È grazie all’amore del Padre, del Figlio e dello Spirito santo – amore ricevuto, accolto, sperimentato e celebrato -, che capiamo cos’è il nostro essere, la libertà dei figli di Dio, la nostra chiamata all’amore per il Padre e il prossimo, all’essere dono e servizio ai fratelli, specie più poveri. Grazie all’amore trinitario, scopriamo di essere persone, soggetti strutturati a tu, chiamati a vivere in comunione con gli altri, con Dio, nel Figlio, Verbo incarnato. Gesù, in particolare, nel suo Vangelo ci insegna che l’uomo è per l’altro non un lupo (homo homini lupus, avrebbero invece insegnato Plauto, Erasmo e più tardi il filosofo Tommaso Hobbes) bensì un figlio di Dio (homo homini deus: Terenzio, Spinoza). Per questo ci sollecita ad essere samaritani, ad amarci gli uni e gli altri come Lui ci ama, a dare da mangiare alle folle affamate, a dare Lui, pane vivo disceso dal cielo, che ci procura una vita eterna.
San Paolo sprona i credenti – ecco la loro vocazione più che umana – a non rattristare lo Spirito d’amore che abita in loro e con il quale sono stati segnati per il giorno della redenzione: «Scompaiano da voi ogni asprezza, sdegno, ira, grida e maldicenze con ogni sorta di malignità. Siate invece benevoli gli uni verso gli altri, misericordiosi, perdonandovi a vicenda come Dio ha perdonato a voi in Cristo». Con espressioni che indicano movimento, impegno continuo, san Paolo così conclude il suo incoraggiamento per i cristiani: «[…] camminate nella carità, nel modo in cui anche Cristo vi ha amati e ha dato sé stesso […] offrendosi a Dio in sacrificio […]» (Ef 4, 30- 5,3).
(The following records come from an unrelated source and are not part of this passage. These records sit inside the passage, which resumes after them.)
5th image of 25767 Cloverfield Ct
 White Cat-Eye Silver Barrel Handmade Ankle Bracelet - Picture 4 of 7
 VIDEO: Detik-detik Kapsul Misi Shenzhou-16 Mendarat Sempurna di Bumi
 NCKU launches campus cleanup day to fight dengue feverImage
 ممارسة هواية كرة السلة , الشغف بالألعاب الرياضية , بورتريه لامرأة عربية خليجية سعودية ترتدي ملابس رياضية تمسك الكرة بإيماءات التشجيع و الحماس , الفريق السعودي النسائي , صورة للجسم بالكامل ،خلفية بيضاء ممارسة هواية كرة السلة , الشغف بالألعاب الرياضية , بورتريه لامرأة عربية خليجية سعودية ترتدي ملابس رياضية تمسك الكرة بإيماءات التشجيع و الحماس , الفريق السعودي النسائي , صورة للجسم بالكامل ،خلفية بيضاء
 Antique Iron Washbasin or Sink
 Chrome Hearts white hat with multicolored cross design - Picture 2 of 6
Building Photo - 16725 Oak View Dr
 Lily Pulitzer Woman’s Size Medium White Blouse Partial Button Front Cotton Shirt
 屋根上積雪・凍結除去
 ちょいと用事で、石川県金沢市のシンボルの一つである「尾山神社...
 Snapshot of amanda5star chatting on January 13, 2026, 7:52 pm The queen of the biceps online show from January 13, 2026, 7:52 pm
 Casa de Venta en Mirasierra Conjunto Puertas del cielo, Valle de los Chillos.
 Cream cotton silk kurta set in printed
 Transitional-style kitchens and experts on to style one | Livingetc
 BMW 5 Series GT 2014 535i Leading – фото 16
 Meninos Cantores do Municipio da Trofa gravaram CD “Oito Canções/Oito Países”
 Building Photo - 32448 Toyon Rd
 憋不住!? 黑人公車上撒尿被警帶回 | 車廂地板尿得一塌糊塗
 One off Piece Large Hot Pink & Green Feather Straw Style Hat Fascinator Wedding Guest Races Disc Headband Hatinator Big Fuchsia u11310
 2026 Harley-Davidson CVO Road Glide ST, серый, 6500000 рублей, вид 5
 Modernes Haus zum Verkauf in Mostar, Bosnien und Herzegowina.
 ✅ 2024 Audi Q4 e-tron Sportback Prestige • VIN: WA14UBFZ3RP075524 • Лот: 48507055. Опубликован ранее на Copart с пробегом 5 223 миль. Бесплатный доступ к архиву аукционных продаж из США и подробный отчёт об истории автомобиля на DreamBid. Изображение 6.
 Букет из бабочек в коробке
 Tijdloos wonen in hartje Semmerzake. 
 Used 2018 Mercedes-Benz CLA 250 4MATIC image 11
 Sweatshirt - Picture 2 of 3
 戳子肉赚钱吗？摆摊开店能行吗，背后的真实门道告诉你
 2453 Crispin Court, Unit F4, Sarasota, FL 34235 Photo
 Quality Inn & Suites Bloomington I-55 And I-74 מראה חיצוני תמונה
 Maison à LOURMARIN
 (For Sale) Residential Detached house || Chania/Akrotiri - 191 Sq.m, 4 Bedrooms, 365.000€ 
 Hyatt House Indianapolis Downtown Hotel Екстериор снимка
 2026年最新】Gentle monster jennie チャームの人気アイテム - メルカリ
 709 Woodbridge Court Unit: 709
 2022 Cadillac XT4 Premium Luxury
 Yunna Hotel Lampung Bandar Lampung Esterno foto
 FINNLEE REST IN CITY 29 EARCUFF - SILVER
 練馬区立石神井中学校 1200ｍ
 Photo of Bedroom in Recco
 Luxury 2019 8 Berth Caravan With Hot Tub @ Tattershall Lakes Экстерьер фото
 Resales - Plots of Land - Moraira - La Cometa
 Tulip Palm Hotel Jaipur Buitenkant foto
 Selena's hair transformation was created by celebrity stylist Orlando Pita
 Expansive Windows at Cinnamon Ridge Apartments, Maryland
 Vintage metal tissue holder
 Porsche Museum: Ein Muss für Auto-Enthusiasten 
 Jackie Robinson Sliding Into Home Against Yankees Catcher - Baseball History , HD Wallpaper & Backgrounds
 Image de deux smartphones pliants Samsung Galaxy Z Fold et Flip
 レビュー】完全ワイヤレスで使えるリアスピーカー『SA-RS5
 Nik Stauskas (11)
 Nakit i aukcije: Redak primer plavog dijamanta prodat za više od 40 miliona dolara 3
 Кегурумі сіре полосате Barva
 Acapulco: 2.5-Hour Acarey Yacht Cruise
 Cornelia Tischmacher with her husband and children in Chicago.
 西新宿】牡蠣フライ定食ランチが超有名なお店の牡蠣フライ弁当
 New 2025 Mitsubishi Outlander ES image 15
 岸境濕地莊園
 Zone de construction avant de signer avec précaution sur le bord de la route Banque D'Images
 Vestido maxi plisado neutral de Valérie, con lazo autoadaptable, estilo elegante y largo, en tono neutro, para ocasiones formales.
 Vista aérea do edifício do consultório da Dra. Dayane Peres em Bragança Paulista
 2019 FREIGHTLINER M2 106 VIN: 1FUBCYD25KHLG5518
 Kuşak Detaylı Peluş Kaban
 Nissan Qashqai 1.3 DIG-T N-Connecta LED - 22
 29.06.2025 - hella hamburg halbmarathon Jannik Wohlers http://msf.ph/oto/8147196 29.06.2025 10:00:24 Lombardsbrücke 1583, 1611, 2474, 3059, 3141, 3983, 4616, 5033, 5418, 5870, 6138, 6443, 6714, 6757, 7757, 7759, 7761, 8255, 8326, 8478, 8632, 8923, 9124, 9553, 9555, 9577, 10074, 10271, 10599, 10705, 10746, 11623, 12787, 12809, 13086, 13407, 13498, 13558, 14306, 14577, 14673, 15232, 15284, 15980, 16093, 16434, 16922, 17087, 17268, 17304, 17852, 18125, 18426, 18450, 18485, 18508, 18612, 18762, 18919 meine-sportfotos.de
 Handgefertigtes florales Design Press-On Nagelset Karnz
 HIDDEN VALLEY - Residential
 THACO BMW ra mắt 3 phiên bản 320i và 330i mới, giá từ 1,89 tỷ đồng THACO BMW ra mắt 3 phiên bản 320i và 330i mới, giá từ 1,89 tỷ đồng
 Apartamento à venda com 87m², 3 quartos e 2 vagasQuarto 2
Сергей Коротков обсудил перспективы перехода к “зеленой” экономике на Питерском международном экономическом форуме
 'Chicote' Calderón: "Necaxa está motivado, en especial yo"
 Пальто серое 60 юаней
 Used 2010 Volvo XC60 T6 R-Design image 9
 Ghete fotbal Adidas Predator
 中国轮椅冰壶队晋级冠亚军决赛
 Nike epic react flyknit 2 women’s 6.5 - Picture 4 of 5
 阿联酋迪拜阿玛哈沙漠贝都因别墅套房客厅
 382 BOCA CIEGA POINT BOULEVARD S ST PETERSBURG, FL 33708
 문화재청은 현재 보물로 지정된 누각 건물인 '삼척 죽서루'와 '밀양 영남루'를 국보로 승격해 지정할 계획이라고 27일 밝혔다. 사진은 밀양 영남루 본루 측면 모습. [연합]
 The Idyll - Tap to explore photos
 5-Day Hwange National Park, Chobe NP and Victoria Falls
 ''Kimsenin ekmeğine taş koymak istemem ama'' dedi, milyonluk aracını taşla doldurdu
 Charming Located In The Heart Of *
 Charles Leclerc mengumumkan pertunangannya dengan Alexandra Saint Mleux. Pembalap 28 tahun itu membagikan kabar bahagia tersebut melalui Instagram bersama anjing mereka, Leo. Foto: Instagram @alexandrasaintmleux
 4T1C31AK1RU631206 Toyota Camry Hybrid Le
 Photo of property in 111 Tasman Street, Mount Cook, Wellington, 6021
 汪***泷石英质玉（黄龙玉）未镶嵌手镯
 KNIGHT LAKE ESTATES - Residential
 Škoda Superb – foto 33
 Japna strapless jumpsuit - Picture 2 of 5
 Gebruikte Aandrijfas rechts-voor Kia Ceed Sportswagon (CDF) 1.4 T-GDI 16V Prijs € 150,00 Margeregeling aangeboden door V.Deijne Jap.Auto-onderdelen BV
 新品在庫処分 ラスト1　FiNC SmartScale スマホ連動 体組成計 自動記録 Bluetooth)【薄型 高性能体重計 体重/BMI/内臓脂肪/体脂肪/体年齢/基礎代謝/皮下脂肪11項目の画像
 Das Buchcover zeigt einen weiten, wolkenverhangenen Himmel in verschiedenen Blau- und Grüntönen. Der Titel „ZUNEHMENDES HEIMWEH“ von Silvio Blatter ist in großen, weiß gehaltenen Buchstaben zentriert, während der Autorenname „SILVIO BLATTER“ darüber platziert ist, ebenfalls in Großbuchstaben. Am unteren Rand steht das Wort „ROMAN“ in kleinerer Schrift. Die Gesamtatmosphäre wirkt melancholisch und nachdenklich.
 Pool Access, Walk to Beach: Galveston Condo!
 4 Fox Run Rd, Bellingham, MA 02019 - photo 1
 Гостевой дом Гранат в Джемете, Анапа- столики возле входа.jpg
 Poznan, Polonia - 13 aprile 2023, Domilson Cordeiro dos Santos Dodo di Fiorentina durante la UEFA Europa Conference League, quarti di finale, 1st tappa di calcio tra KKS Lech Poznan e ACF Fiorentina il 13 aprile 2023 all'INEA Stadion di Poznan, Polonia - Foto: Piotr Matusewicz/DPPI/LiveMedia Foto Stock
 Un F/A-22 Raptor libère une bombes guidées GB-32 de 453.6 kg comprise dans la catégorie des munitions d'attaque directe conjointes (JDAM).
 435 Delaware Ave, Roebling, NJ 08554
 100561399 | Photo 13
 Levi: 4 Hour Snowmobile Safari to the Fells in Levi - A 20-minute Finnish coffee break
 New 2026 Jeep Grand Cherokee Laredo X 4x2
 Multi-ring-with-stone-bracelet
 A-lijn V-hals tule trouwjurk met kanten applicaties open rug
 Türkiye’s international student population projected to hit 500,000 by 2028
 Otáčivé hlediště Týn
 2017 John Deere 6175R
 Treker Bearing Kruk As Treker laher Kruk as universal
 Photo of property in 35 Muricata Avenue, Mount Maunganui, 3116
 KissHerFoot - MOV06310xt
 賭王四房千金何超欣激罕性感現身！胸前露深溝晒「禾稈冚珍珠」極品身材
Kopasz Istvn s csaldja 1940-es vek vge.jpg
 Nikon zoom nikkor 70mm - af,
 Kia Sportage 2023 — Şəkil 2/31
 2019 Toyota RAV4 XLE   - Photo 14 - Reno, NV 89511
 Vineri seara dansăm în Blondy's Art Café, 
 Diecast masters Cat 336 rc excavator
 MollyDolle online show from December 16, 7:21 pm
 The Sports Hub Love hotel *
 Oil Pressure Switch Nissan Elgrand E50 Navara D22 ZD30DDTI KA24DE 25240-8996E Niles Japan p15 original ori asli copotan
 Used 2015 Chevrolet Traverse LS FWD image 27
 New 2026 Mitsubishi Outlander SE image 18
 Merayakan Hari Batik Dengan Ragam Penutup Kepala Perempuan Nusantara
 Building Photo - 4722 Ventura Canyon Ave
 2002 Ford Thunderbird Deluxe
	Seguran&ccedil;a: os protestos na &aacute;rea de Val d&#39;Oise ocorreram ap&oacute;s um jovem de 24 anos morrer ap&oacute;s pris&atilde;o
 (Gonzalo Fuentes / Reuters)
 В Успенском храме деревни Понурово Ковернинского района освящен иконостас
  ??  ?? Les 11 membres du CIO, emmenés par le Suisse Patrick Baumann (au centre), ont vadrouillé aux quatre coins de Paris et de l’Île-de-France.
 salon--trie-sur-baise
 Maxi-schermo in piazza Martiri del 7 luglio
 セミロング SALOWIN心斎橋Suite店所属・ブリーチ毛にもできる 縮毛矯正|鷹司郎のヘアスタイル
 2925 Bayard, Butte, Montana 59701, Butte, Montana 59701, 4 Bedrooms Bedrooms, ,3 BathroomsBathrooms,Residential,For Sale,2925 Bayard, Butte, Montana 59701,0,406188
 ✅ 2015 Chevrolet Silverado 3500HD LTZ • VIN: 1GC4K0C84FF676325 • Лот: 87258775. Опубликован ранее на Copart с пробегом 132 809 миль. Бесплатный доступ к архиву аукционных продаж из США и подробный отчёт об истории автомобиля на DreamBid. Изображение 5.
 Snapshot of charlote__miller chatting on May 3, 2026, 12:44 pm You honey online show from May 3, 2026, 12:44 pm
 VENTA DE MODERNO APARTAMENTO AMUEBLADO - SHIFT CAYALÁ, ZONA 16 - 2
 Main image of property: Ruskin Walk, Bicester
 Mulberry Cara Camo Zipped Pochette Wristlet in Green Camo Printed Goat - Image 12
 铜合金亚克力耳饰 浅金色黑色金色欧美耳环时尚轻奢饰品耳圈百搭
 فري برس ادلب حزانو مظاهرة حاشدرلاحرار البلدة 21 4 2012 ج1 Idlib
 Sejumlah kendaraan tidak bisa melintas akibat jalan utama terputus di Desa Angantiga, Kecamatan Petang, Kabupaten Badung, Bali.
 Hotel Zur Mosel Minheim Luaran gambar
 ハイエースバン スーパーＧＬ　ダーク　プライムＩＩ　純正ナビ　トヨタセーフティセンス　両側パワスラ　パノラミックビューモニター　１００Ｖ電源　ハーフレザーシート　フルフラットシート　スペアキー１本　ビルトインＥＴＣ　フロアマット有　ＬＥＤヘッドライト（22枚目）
Ricordiamoci, dunque, delle due vie che ci consentono di conoscere chi siamo e qual è la nostra vocazione. Ringraziamo il Signore per le nostre famiglie e le nostre comunità cristiane. Pensando a quanto sono importanti per la nostra crescita e la nostra gioia facciamo il proposito di coltivarle e di pensarle come luoghi di educazione imprescindibili per tutti i giovani.